Data shown:
____________________
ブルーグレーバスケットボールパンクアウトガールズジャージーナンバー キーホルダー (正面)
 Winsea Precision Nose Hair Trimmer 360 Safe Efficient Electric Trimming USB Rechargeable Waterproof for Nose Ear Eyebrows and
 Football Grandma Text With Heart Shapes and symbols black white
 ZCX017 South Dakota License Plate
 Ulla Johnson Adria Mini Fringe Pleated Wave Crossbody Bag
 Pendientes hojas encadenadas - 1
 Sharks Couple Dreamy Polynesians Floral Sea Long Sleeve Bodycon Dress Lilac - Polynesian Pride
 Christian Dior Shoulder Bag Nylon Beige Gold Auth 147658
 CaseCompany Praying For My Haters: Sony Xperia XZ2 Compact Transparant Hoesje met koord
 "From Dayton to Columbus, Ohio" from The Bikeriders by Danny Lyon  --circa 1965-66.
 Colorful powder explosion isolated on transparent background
____________________
What you will do: Would you restate word for word every line from the one holding "Football Grandma Text" to the end of the entries, both ends included?

Completed task:
 Football Grandma Text With Heart Shapes and symbols black white
 ZCX017 South Dakota License Plate
 Ulla Johnson Adria Mini Fringe Pleated Wave Crossbody Bag
 Pendientes hojas encadenadas - 1
 Sharks Couple Dreamy Polynesians Floral Sea Long Sleeve Bodycon Dress Lilac - Polynesian Pride
 Christian Dior Shoulder Bag Nylon Beige Gold Auth 147658
 CaseCompany Praying For My Haters: Sony Xperia XZ2 Compact Transparant Hoesje met koord
 "From Dayton to Columbus, Ohio" from The Bikeriders by Danny Lyon  --circa 1965-66.
 Colorful powder explosion isolated on transparent background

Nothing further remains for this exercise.